Del golpe inicial al silencio absoluto
Egipto golpeó primero y lo hizo con una frialdad quirúrgica. Yasser abrió el marcador, helando a una Argentina irreconocible, lenta en la circulación y vulnerable atrás. El segundo mazazo llegó con el tanto de Zico, que puso el 0-2 y encendió todas las alarmas.
Para entonces, el penalti fallado por Messi ya pesaba como una losa. El 10, que acostumbra a convertir este tipo de citas en su jardín privado, vio cómo se le escapaba una oportunidad de oro desde los once metros. El gesto serio, la mirada al suelo, la sensación de que la noche se torcía.
Egipto olía la hazaña. Argentina, el precipicio.
La reacción del capitán
La historia cambió cuando el capitán decidió que no estaba dispuesto a despedirse así. La presión se volvió asfixiante para los africanos, que empezaron a retroceder cada metro que antes habían ganado con autoridad.
El primer destello llegó con el 2-1: Messi encontró la línea de pase, sirvió el balón y Romero apareció para recortar distancias. Gol y oxígeno. De repente, el partido se encendió.
Con Egipto tambaleándose, el 10 dio otro paso al frente. Esta vez no perdonó. Messi firmó el gol del empate, su tanto número 21 en un Mundial, y desató un rugido que sonó a liberación. De penalti fallado a líder absoluto en cuestión de minutos, en esa montaña rusa emocional que parece acompañarlo en cada gran torneo.
El estadio se transformó. Egipto, que hasta entonces manejaba el partido, empezó a vivir cada balón como una amenaza. Argentina olió sangre.

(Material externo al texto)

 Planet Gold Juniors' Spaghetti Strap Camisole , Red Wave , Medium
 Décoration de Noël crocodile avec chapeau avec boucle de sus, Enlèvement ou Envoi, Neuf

Lautaro, Fernández y un final de locura
La presión terminó por romper el muro egipcio en el descuento. Minuto 92. Con el cronómetro en contra, Lautaro Martínez encontró el espacio por banda y sacó un centro decisivo. En el área, Fernández apareció en el momento justo para firmar el 3-2 y completar la remontada.
Tres goles en 13 minutos. De la angustia al delirio.
Messi, entre lágrimas y ovación, fue la imagen perfecta de lo que había sido el partido: un viaje emocional extremo, con caída libre incluida y aterrizaje triunfal. Falló, sufrió, respondió y acabó siendo, otra vez, el eje emocional y futbolístico de la selección.
Rabia egipcia y una denuncia grave
Mientras Argentina celebraba, la indignación marcaba el cierre del lado egipcio. La selección africana terminó furiosa con el arbitraje. El seleccionador elevó una queja formal por racismo, una acusación de enorme gravedad que añade un capítulo tenso a una noche ya cargada de emociones.
Egipto se marcha con la sensación de haber tenido el pase en la mano y de haberlo perdido en una tormenta que no supo controlar.
Suiza espera, Colombia se queda
El premio para Argentina no es solo la clasificación. Es también un cruce de cuartos con Suiza, que avanzó tras eliminar a Colombia en una tanda de penaltis resuelta 4-3. Otro rival incómodo, otro partido que exigirá concentración total.
La Albiceleste llega a esa cita reforzada anímicamente, pero también advertida: un mal tramo de partido puede costar carísimo, incluso con Messi en modo salvador.
Porque si algo dejó claro esta noche es que, a los 39 años, “MaraLeo”, como lo bautizaron en Italia, sigue encendiendo el mundo. La pregunta es sencilla y brutal: ¿cuántas veces más podrá sostener él solo el peso de una nación entera?